- [WHAT YOU SHOULD DO]:
All lines from the first one in the listing below to the one holding "Detail Gallery Image", inclusive, are to be copied exactly.

- [RECORDED DATA]:
==================================================

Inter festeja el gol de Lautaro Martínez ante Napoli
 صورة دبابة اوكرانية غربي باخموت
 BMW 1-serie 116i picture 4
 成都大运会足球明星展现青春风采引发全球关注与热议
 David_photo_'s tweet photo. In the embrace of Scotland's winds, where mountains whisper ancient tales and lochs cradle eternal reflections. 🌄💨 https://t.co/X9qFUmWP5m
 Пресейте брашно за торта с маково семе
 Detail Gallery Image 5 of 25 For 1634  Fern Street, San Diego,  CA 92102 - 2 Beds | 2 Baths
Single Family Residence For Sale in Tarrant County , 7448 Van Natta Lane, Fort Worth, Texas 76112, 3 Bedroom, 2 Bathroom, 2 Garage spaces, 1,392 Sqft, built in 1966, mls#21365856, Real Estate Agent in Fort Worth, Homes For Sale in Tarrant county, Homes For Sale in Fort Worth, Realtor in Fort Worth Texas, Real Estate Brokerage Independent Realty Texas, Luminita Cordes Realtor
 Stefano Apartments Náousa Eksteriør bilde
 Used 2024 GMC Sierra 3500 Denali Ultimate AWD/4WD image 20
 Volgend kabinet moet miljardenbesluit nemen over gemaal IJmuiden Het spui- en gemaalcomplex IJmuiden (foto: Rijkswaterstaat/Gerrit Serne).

==================================================

- [RESPONSE TO THE TASK]:
Inter festeja el gol de Lautaro Martínez ante Napoli
 صورة دبابة اوكرانية غربي باخموت
 BMW 1-serie 116i picture 4
 成都大运会足球明星展现青春风采引发全球关注与热议
 David_photo_'s tweet photo. In the embrace of Scotland's winds, where mountains whisper ancient tales and lochs cradle eternal reflections. 🌄💨 https://t.co/X9qFUmWP5m
 Пресейте брашно за торта с маково семе
 Detail Gallery Image 5 of 25 For 1634  Fern Street, San Diego,  CA 92102 - 2 Beds | 2 Baths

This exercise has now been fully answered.